Thanks for doing that! I only have a few more small comments, and with
those, I think it's ready to land IMO. I'll try to review the NAND
implementation bits too (look OK for now), but I'm not as worried about
that, if we agree on the high-level API.
BTW, I don't know if we're likely to hit any conflicts on the
mtdcore and mtd.h bits. Perhaps it will make sense for us to apply this
first patch as a mini-branch to both our trees? Maybe if you just fixup
any last comments, you can send me a trivial pull request / tag /
whatever (doesn't need to be formal), with just this patch.
> ---
> drivers/mtd/mtdcore.c | 94 ++++++++++++++++++++++++++++++++++++++++++
> drivers/mtd/mtdpart.c | 1 +
> include/linux/mtd/mtd.h | 106 ++++++++++++++++++++++++++++++++++++++++++++++++
> 3 files changed, 201 insertions(+)
>
> diff --git a/drivers/mtd/mtdcore.c b/drivers/mtd/mtdcore.c
> index e3936b847c6b..decceb9fdf32 100644
> --- a/drivers/mtd/mtdcore.c
> +++ b/drivers/mtd/mtdcore.c
> @@ -376,6 +376,100 @@ static int mtd_reboot_notifier(struct notifier_block *n, unsigned long state,
> }
>
> /**
> + * mtd_wunit_to_pairing_info - get pairing information of a wunit
> + * @mtd: pointer to new MTD device info structure
> + * @wunit: write unit we are interrested in
s/interrested/interested/
> + * @info: pairing information struct
Maybe something to indicate this is the return value? e.g., "returned
pairing information"?
> + *
> + * Retrieve pairing information associated to the wunit.

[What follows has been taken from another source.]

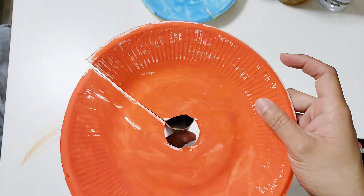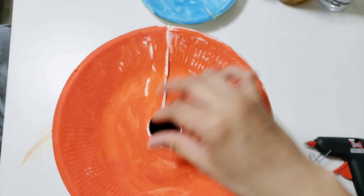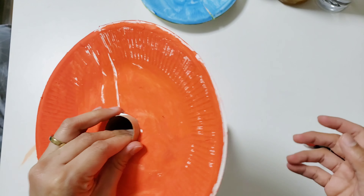I opted to color my paper plates, and you can also draw or personalize the paper plates for an additional activity for the kids.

> + * This is mainly useful when dealing with MLC/TLC NANDs where pages can be
> + * paired together, and where programming a page may influence the page it is
> + * paired with.
> + * The notion of page is replaced by the term wunit (write-unit) to stay
> + * consistent with the ->writesize field.
> + *
> + * The @wunit argument can be extracted from an absolute offset using
> + * mtd_offset_to_wunit(). @info is filled with the pairing information attached
> + * to @wunit.
> + *
> + * From the pairing info the MTD user can find all the wunits paired with
> + * @wunit using the following loop:
> + *
> + * for (i = 0; i < mtd_pairing_groups(mtd); i++) {
> + * info.pair = i;
> + * mtd_pairing_info_to_wunit(mtd, &info);
> + * ...
> + * }
> + */
> +void mtd_wunit_to_pairing_info(struct mtd_info *mtd, int wunit,
> + struct mtd_pairing_info *info)
> +{
Do we want to do any range-checking here? i.e., make this return int? Or
is that too paranoid? We've done similarly on most of the rest of the
MTD API.
Notably, I think we're probably safe keeping the ->pairing->get_info()

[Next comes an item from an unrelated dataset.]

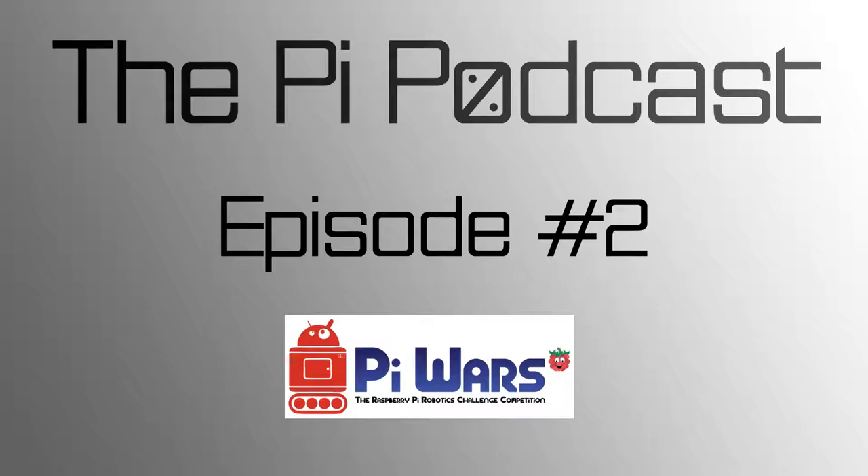Hello and welcome to episode 2 of the Pi Podcast, the show by members of the Raspberry Pi community for the Raspberry Pi community. I'm Joe. I'm Isaac. And I'm Albert. Coming up, we'll be covering some news and projects and talking to Michael Horne and Tim Richardson about Pi Wars.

callback as returning void, since the driver can expect this core helper
to do the range checking for us.
> + if (!mtd->pairing || !mtd->pairing->get_info) {
> + info->group = 0;
> + info->pair = wunit;
> + } else {
> + mtd->pairing->get_info(mtd, wunit, info);
> + }
> +}
> +EXPORT_SYMBOL_GPL(mtd_wunit_to_pairing_info);
> +
> +/**
> + * mtd_wunit_to_pairing_info - get wunit from pairing information
> + * @mtd: pointer to new MTD device info structure
> + * @info: pairing information struct
> + *
> + * Returns a positive number representing the wunit associated to the info
> + * struct, or a negative error code.
> + *
> + * This is the reverse of mtd_wunit_to_pairing_info(), and can help one to
> + * iterate over all wunits of a given pair (see mtd_wunit_to_pairing_info()
> + * doc).
> + *
> + * It can also be used to only program the first page of each pair (i.e.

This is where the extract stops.